▶

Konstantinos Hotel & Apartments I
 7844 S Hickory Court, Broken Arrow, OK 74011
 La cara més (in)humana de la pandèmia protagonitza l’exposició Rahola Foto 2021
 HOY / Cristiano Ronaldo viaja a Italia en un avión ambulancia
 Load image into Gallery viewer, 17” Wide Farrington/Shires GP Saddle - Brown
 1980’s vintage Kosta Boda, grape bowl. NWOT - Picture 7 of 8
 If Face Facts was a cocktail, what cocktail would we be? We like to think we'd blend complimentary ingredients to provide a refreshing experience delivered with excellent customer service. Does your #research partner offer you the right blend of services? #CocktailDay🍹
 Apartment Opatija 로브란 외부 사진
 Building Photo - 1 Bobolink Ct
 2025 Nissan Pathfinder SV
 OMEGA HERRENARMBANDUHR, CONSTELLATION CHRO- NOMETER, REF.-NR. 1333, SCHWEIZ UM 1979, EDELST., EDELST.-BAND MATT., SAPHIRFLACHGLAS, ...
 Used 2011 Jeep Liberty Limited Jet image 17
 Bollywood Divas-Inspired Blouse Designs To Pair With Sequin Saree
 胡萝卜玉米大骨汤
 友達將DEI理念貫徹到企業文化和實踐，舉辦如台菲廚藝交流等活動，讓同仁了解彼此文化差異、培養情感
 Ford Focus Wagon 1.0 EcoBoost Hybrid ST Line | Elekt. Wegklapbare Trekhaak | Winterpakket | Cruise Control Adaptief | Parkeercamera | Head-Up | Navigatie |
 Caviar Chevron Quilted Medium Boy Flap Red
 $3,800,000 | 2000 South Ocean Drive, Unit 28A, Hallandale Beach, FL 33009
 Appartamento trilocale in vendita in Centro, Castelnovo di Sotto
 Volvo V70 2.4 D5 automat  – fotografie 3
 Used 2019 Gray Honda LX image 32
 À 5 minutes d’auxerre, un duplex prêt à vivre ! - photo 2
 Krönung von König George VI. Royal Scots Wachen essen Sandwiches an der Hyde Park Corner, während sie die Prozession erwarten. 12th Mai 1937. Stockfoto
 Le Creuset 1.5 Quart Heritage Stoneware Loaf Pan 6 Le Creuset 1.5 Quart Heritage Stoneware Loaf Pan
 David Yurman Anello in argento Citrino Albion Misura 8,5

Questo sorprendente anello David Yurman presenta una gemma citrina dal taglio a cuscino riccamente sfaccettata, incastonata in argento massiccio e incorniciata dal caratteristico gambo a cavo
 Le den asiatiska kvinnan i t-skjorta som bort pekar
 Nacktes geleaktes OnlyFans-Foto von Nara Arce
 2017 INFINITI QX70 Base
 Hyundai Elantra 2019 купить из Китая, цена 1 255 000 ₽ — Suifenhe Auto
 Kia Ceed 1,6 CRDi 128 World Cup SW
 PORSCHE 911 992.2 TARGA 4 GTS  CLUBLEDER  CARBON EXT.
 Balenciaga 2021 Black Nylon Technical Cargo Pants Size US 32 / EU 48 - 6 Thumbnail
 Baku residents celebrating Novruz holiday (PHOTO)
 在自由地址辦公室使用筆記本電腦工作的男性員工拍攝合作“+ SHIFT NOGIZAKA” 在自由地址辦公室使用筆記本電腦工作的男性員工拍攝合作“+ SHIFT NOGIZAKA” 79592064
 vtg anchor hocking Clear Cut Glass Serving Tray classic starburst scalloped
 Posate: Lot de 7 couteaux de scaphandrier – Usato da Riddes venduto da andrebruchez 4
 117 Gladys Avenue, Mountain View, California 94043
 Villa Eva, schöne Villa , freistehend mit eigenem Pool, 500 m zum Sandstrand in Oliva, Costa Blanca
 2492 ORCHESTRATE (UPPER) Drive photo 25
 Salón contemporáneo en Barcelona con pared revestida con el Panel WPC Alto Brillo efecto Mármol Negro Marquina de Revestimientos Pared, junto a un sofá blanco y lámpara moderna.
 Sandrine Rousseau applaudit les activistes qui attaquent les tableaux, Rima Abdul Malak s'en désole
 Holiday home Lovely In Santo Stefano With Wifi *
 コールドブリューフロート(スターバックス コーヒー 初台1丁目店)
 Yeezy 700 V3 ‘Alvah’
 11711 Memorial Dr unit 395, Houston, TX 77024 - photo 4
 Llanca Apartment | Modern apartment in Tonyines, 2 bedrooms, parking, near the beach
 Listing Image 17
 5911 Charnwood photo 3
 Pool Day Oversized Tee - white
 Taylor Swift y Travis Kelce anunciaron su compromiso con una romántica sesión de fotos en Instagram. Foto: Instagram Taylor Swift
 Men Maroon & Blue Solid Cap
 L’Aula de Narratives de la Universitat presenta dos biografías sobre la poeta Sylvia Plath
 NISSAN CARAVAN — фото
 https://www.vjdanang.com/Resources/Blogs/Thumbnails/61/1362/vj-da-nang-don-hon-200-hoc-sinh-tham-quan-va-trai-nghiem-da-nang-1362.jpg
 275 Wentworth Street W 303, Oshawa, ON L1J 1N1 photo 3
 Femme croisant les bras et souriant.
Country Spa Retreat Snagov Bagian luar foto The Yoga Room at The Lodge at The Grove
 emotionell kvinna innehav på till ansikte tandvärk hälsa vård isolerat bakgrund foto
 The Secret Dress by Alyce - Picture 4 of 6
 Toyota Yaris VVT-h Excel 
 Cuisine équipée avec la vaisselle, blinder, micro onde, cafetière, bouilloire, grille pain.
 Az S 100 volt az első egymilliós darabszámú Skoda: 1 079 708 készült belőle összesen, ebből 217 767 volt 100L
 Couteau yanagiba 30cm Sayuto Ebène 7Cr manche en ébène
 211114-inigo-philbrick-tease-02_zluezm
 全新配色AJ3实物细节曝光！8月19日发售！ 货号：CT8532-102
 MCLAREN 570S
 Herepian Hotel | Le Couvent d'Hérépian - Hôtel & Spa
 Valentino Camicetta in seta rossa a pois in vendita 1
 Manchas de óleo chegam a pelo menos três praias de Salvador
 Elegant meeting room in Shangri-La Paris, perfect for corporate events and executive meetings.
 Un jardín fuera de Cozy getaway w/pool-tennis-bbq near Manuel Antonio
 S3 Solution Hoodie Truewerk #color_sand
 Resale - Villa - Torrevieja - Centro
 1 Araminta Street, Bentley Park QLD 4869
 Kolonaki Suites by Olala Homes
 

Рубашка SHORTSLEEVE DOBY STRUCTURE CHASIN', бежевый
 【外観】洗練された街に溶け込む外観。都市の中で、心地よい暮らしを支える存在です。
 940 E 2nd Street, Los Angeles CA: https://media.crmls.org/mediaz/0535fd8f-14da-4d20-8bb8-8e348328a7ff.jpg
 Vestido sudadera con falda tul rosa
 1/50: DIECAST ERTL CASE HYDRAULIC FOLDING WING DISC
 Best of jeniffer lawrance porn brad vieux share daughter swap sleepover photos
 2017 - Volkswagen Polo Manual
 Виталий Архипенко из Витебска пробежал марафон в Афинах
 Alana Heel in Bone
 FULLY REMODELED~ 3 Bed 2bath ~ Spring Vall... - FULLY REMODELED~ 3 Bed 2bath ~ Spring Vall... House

◀

- _TASK DETAILS_: Would you output, from the records above, exactly the run of lines that starts at the line containing "Valentino Camicetta in" and ends at the line containing "S3 Solution Hoodie Truewerk #color_sand", and only that run?

- _OUTPUT OF THE TASK_:
 Valentino Camicetta in seta rossa a pois in vendita 1
 Manchas de óleo chegam a pelo menos três praias de Salvador
 Elegant meeting room in Shangri-La Paris, perfect for corporate events and executive meetings.
 Un jardín fuera de Cozy getaway w/pool-tennis-bbq near Manuel Antonio
 S3 Solution Hoodie Truewerk #color_sand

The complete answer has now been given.